DFW, litbros, and the perils of fusing one's identity with what you consume
I wanted to make a post about the phenomenon of litbro discourse, that genre of article or reddit comment or booktok mocking a stereotype of a particular kind of reader. In this case, the reader is usually a male grad student obsessed with DFW, who I can assume assails his neighbors with unwanted monologues on the merits of Infinite Jest. I'm personally dubious that there are great hordes of DFW bros roaming grad programs anymore, and if they ever did exist, that they numbered more than a few dozen or hundred. But even if there was or is a huge population of bro-y DFW fans, I think there's a more concerning thread I'd like to tug at underneath all this: the insinuation that you should not read a certain kind of book to avoid being seen as a certain kind of person.
I think this is really unfortunate and amounts to a form of intellectual or literary pusillanimity. I think there is no shortcut for meaningfully weighing the merits of a work or writer short of actually reading that writer, critically. I can respect someone who roasts DFW on the basis of what he's written.
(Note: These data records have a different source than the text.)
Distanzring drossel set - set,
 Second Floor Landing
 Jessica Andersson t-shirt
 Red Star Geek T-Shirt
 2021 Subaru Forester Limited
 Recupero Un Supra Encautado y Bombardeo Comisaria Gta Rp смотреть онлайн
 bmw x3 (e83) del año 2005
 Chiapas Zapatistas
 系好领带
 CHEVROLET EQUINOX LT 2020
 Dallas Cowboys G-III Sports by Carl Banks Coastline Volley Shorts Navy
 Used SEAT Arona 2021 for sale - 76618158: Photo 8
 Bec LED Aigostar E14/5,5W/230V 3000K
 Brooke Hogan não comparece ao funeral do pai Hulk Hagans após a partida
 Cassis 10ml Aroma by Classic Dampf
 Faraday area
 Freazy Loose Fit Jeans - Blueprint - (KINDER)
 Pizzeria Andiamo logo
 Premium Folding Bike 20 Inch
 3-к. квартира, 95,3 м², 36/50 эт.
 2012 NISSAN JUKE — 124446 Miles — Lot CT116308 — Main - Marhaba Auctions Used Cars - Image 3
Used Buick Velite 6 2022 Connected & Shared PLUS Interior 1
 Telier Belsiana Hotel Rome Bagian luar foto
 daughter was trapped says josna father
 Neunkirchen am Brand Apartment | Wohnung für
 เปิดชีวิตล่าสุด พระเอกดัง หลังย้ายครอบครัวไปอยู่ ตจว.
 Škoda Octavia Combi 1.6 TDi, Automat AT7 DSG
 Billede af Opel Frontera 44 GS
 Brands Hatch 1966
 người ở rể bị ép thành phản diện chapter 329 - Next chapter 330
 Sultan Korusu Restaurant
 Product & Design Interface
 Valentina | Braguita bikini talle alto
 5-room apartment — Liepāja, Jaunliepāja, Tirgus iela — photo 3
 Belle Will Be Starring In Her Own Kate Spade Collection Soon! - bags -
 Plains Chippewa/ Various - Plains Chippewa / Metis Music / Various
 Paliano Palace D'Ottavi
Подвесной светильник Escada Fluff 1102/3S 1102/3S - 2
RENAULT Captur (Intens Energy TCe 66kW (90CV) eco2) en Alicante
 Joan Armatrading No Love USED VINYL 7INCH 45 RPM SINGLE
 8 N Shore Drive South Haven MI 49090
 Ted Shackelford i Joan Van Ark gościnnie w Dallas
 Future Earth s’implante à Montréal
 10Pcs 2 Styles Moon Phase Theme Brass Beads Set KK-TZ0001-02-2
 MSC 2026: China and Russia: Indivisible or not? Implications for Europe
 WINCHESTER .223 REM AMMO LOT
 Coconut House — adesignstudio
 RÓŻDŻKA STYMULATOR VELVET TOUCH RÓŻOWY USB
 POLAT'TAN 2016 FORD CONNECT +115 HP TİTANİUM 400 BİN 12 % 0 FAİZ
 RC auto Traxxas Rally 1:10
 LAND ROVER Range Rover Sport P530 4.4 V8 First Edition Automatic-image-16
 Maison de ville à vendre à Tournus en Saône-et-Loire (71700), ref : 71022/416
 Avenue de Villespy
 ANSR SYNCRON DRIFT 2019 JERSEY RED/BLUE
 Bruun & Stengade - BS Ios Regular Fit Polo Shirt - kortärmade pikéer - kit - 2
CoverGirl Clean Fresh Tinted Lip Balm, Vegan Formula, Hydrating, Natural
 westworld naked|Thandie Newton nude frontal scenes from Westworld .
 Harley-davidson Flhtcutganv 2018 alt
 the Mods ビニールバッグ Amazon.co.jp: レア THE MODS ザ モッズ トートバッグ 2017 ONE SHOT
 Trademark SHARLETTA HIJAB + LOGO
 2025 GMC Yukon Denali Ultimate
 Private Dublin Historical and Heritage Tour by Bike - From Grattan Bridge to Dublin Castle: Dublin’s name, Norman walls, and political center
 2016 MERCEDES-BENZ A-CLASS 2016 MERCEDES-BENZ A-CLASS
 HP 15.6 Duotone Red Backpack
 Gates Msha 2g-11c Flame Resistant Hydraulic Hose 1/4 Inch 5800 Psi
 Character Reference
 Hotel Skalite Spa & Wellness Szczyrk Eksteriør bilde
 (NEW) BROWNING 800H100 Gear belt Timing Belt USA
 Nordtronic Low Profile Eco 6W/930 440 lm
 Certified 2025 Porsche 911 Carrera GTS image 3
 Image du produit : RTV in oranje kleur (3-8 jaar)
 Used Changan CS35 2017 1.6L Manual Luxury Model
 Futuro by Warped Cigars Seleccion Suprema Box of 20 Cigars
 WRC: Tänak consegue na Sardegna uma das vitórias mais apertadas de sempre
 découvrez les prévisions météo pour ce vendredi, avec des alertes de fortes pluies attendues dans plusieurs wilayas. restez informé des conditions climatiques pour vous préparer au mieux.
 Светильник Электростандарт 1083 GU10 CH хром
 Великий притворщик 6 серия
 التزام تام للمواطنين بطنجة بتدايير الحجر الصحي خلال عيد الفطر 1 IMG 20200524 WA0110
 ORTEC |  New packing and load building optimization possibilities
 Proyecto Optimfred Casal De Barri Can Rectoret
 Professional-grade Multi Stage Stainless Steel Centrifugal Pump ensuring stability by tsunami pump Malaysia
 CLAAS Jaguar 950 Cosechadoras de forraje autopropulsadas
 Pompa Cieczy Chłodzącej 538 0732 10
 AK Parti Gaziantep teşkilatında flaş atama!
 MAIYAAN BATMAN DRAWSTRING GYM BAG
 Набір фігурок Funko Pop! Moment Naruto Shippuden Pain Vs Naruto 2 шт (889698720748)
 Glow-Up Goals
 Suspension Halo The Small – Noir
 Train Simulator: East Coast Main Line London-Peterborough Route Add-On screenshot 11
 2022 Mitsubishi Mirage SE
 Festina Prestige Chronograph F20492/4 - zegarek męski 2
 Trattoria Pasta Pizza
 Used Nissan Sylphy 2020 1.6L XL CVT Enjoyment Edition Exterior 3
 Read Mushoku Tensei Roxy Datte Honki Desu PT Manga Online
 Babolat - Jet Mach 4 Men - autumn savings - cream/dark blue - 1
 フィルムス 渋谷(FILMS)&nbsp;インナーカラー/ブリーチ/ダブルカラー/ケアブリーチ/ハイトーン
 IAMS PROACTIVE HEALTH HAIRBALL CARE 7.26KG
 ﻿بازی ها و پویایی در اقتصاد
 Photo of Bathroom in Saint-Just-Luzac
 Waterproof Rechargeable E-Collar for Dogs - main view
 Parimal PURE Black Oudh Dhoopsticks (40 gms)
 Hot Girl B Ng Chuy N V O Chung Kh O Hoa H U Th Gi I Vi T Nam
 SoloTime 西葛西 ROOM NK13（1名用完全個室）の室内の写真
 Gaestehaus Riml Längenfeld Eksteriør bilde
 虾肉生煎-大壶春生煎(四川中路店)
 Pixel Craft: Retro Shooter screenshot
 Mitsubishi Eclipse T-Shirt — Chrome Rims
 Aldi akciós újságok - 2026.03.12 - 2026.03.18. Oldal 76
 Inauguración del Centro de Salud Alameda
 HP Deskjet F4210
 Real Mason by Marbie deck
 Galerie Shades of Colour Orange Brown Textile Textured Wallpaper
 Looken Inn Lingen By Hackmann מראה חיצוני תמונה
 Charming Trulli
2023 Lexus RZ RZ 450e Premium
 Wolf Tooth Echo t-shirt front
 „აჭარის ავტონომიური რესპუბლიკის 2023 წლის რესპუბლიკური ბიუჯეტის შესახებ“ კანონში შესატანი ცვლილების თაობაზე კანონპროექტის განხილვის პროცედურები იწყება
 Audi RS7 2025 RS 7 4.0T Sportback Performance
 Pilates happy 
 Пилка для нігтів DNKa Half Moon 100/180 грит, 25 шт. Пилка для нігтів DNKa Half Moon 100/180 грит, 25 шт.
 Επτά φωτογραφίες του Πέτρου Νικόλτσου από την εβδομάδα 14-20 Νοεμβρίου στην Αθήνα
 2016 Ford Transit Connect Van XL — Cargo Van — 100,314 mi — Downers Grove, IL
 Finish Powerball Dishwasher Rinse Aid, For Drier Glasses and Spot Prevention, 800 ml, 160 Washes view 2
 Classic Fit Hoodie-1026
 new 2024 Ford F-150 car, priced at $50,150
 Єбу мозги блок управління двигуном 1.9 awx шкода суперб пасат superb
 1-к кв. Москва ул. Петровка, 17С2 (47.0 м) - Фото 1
I can't respect someone who snarkily dismisses his work based on an anecdotal encounter with a single obnoxious fan.
We live in an era where people fill the hole religious, cultural or ethnic identity used to fill with quite shallow replacements. I suspect this whole discourse is a function of folks identifying a bit too closely with the identity of being a "reader", of believing that the books we admire substantially comprise who we are. I love books, I love literature, and my life has been shaped by great writers like Tolstoy, George Eliot, and others -- but I am not my consumption of those works.
I could be way off base here, and I invite comments if people have any.